His video reminds me "Monty Python and the Holy Grail" movie. They have a very dangerous rabbit there. FishJunky - see the movie and you will understand how wrong you are about those wabbits. A Holy Hand Granade is the only way to deal with them.

"And the Lord spake, saying, "First shalt thou take out the Holy Pin. Then shalt thou count to three, no more, no less. Three shall be the number thou shalt count, and the number of the counting shall be three. Four shalt thou not count, neither count thou two, excepting that thou then proceed to three. Five is right out. Once the number three, being the third number, be reached, then lobbest thou thy Holy Hand Grenade of Antioch towards thy foe, who, being naughty in my sight, shall snuff it."
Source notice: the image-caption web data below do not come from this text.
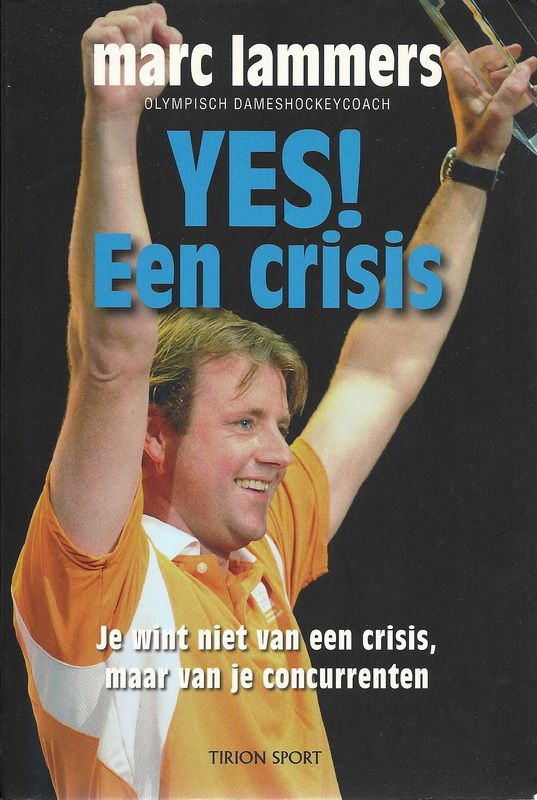 Yes! Een crisis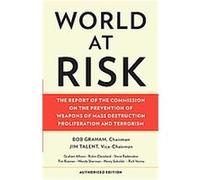 World at Risk Commission on Prevention, Graham Allison, Jim Talent, Robin Cleveland, Steve Rademaker (Auteur)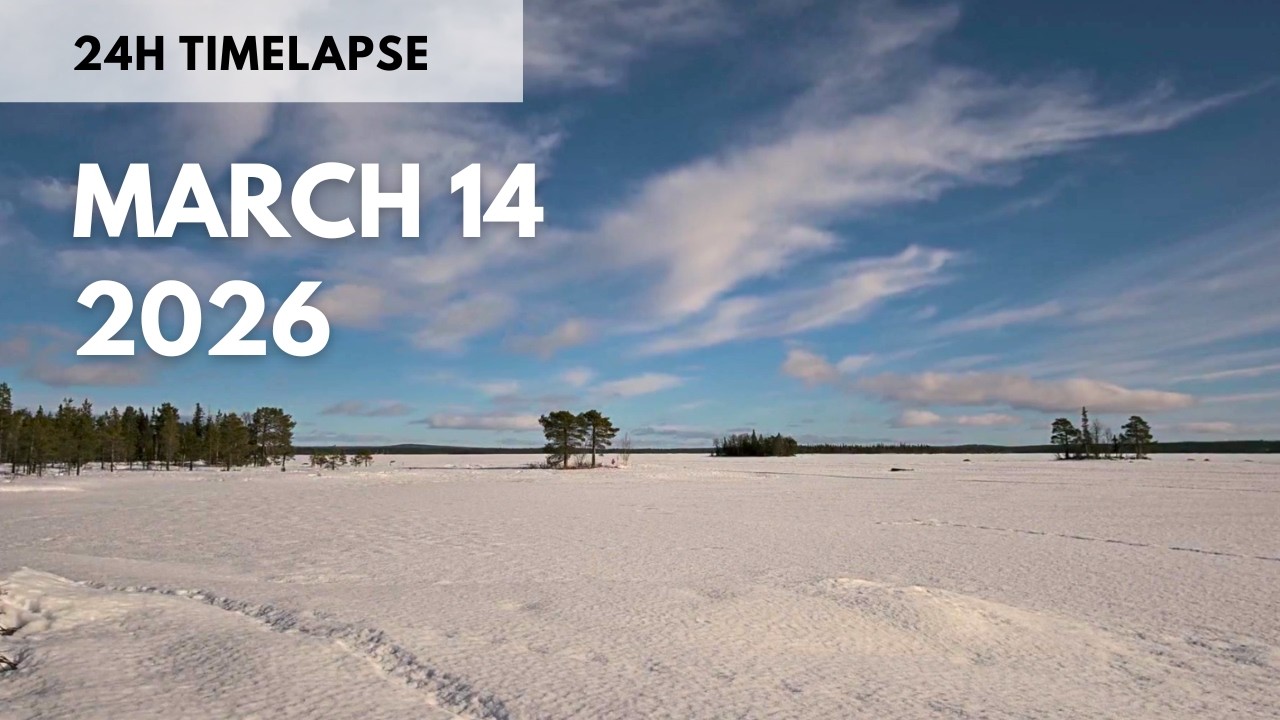 March 14, 2026 | 24h Timelapse | Swedish Lapland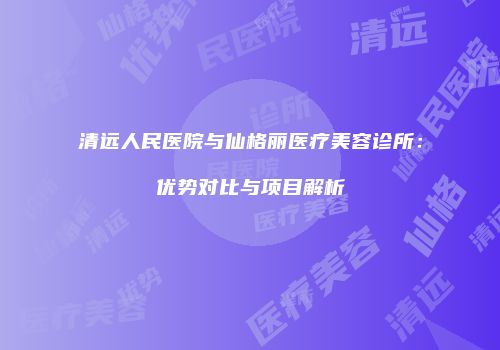 清远人民医院与仙格丽医疗美容诊所：优势对比与项目解析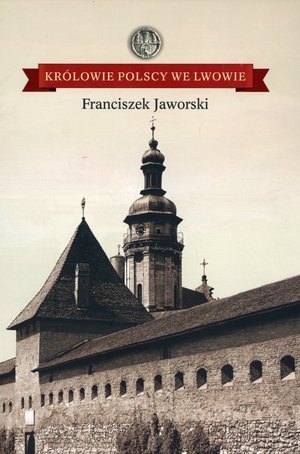 Królowie polscy we Lwowie Jaworski Franciszek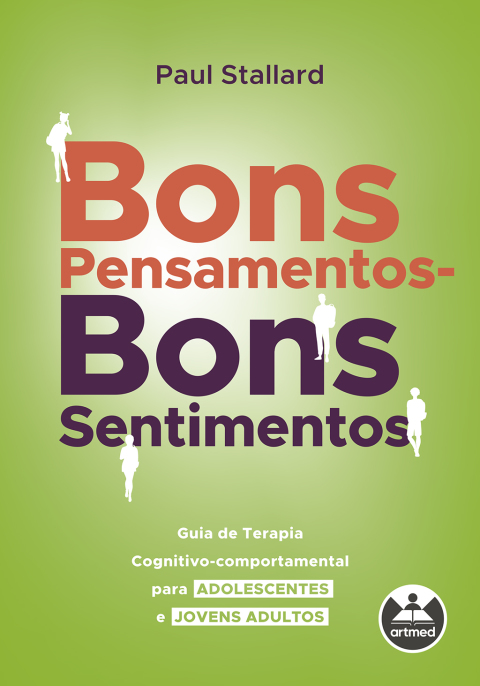 Bons pensamentos, bons sentimentos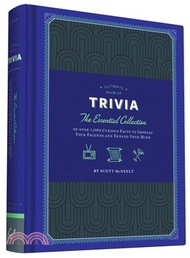 Ultimate Book of Trivia ─ The Essential Collection of over 1,000 Curious Facts to Impress Your Friends and Expand Your Mind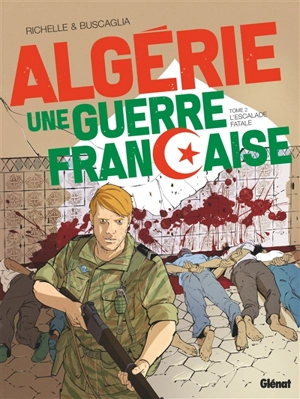 Algérie, une guerre française. Vol. 2. L'escalade fatale - Philippe Richelle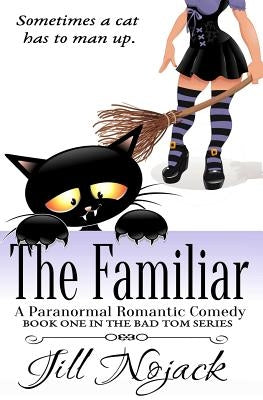 The Familiar: A Paranormal Romantic Comedy by Nojack, Jill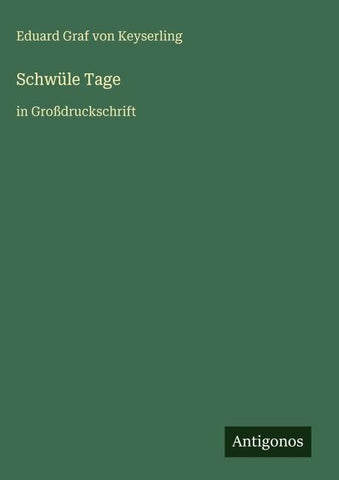 Schwüle Tage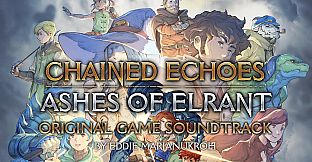 Chained Echoes: Ashes of Elrant (Original Game Soundtrack)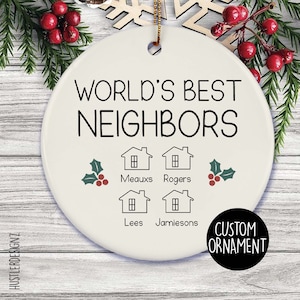 World’s Best Neighbors Ornament 2025 | Personalized Christmas Ceramic Gift | Holiday Neighbor Appreciation Keepsake | Heartfelt Gratitude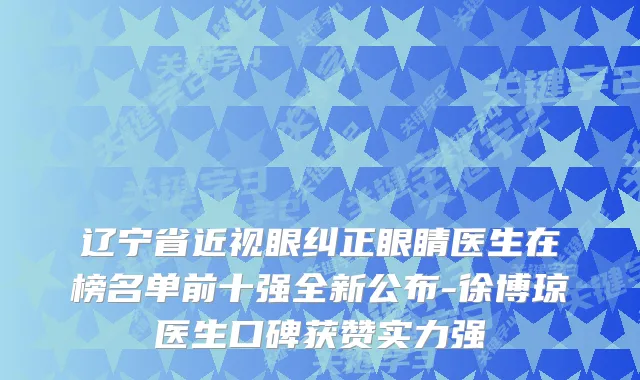 辽宁省近视眼纠正眼睛医生在榜名单前十强全新公布-徐博琼医生口碑获赞实力强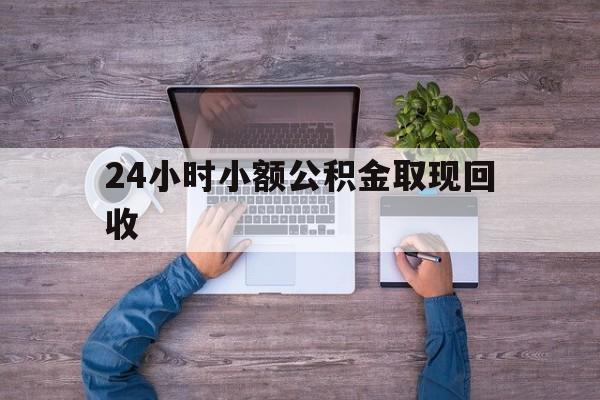 最新24小时小额公积金取现回收方法分析(最方便真实的迪庆全国小额公积金代提方法)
Probably the funniest movie out there.


----------



## FishJunky (May 20, 2004)

Now thats flipping funny. The video and the movie.


----------



## Aj Moran (May 31, 2017)

BASSandBASEBALL said:


> Been looking high and low on the web for any float tube clubs/tournaments in Ohio. Only thing I find are the clubs out west in California. Anyone familiar with any? I enjoy fishing from the boat, bank, wading the creek, you name it but my favorite is from the belly boat. I fish mostly south of Columbus.....Deer Creek, Hargus, Lake White, etc... and rarely see any other tubers on the water. With the exception of a few buddies I don't know anyone else who float tubes. Any enthusiats out there? Would like to hear from you.
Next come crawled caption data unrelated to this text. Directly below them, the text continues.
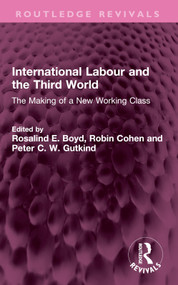 International Labour and the Third World (The Making of a New Working Class) by Rosalind E. Boyd, Robin Cohen, Peter C. W. Gutkind, 9781032594422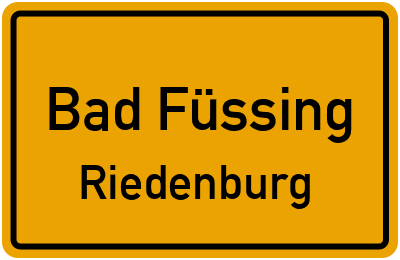 Ortsschild Bad Füssing Riedenburg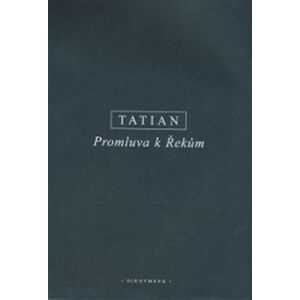 Promluva k Řekům - Tatian
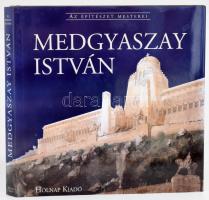 Potzner Ferenc: Medgyaszay István. Vál. és összeáll.: - - . Az építészet mesterei. Bp., 2004, Holnap Kiadó. Kiadói kartonált papírkötés, kiadói papír védőborítóban.
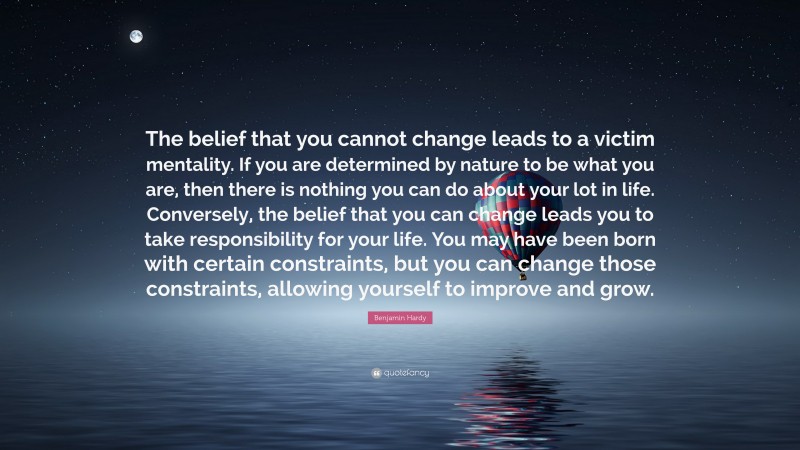 Benjamin Hardy Quote: “The belief that you cannot change leads to a victim mentality. If you are determined by nature to be what you are, then there is nothing you can do about your lot in life. Conversely, the belief that you can change leads you to take responsibility for your life. You may have been born with certain constraints, but you can change those constraints, allowing yourself to improve and grow.”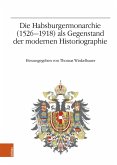 Die Habsburgermonarchie (1526-1918) als Gegenstand der modernen Historiographie (eBook, PDF)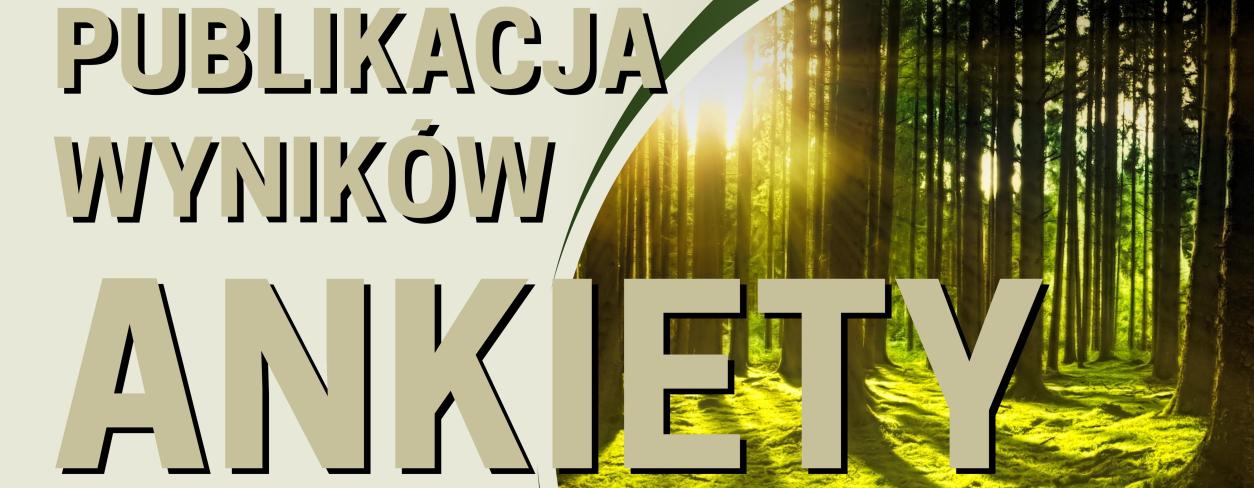 Plakat ze zdjęciem lasu, nawiązujący do spotkania 21 kwietnia o godz. 16.00 w sprawie publikacji wyników ankiety - lasy społeczne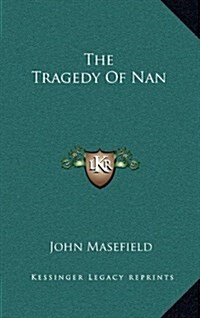 The Tragedy of Nan (Hardcover)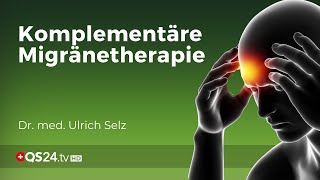 Die 8 Migränetypen und ihre Therapie  Dr med Ulrich Selz  Erfahrungsmedizin  QS24 [upl. by Lihka309]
I just got my first tube and I have been looking for a tournament. The belly boat is my favorite thing to fish out of I'm in Dayton and have only seen 1 or 2 people into them.


----------



## Govbarney (Jan 3, 2011)

streamstalker said:


> I have to admit that the thought of a snapping turtle taking a nibble out of my leg does cross my mind from time to time. I've had them take chunks out of a stringer full of crappie before, but it seems like it would just take some serious bad luck to get bit, so I put it out of my mind.
> 
> The beaver is another thing. If one of those is telling me to get away from his lodge while I'm in a tube or on land, I am going to listen! There was a story in my hometown paper a few years back about a guy getting seriously messed up by a beaver. I checked it out and there are also a few tales on the internet, including one that captured it on video!
> 
> http://www.idleriot.com/media/videos/Funny/1333/Canadian_Beaver_Attack.html


I have had more then a few run-ins with territorial beavers while yaking, its really the only thing that really gets my blood pressure up when fishing in Ohio. You can look up a few confirmed cases of Beavers biting through a unsuspecting fishereman's femoral artery's and killing them.


----------



## fishwhacker (Jul 16, 2010)

Been a float tube enthusiast for about 8 to 10 years now although my trips are few and far between now with little ones. Spent a lot of those trips at AEP fishing for gills until they put the limit on them now I go to Brookville in Indiana and catch eyes, crappies and gills. Walleyes out of a tube is kick butt in my opinion


----------



## Andy130 (Jun 2, 2013)

I use a tube at AEP if I'm not in the kayak. Nothing like backpacking into a secluded pond that you know hasn't seen a person for weeks. I've been out in it right when the ice comes off. I just dress in a couple layers and wear neoprene waders. I have flippers, but I want to get the things that go on your legs and lets you fish forward instead of going backwards.


----------



## BuckeyeFishin07 (Apr 10, 2017)

Andy130 said:


> I use a tube at AEP if I'm not in the kayak. Nothing like backpacking into a secluded pond that you know hasn't seen a person for weeks. I've been out in it right when the ice comes off. I just dress in a couple layers and wear neoprene waders. I have flippers, but I want to get the things that go on your legs and lets you fish forward instead of going backwards.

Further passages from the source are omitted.